-- REQUIRED WORK --
Below are records with pictures. Transcribe exactly, and only, the lines from the line with "Latzhosen-Set aus Bouclé-Jersey-Marineblau" to the line with "Cabinet with Cane", both ends included, but not the pictures.

-- EXERCISE INPUTS --
---+---

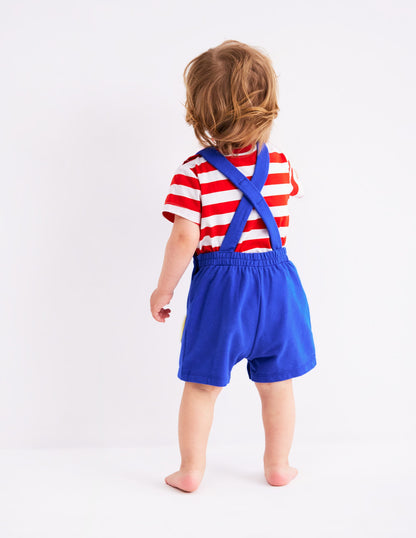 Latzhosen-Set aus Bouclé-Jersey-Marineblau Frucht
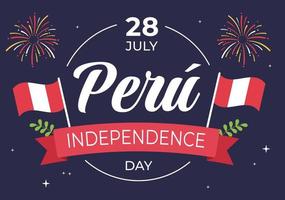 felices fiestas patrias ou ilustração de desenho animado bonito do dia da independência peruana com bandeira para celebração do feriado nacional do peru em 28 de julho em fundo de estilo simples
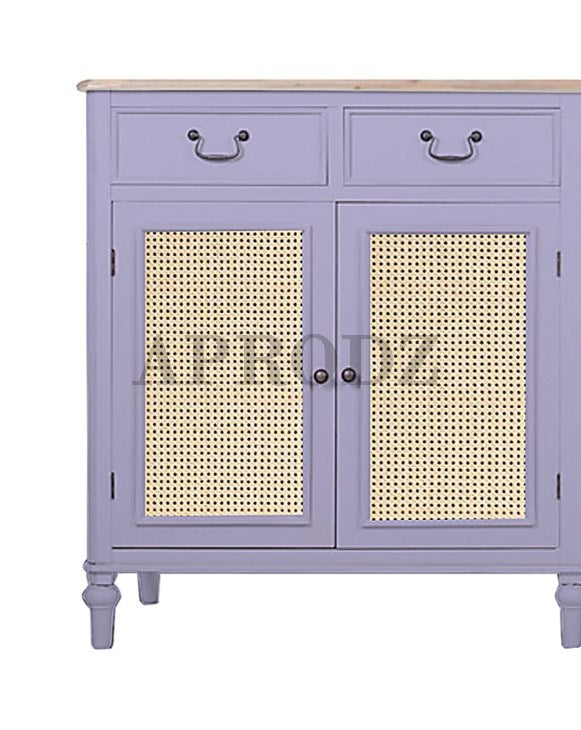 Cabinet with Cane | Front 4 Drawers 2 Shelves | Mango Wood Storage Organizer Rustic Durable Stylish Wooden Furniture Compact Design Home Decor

---+---

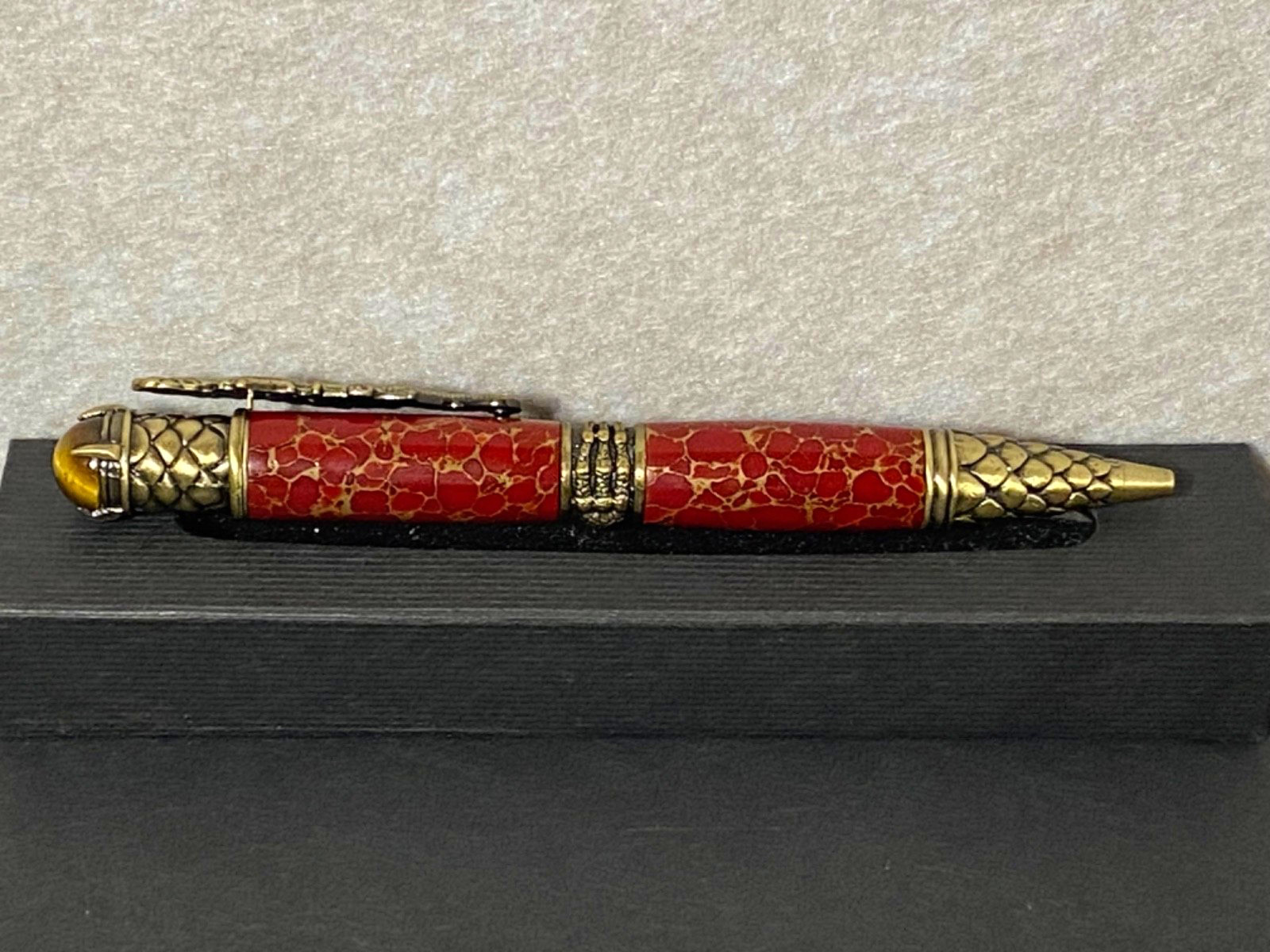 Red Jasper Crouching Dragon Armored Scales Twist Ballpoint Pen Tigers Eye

---+---

-- EXERCISE RESULT --
 Latzhosen-Set aus Bouclé-Jersey-Marineblau Frucht
 felices fiestas patrias ou ilustração de desenho animado bonito do dia da independência peruana com bandeira para celebração do feriado nacional do peru em 28 de julho em fundo de estilo simples
 Cabinet with Cane | Front 4 Drawers 2 Shelves | Mango Wood Storage Organizer Rustic Durable Stylish Wooden Furniture Compact Design Home Decor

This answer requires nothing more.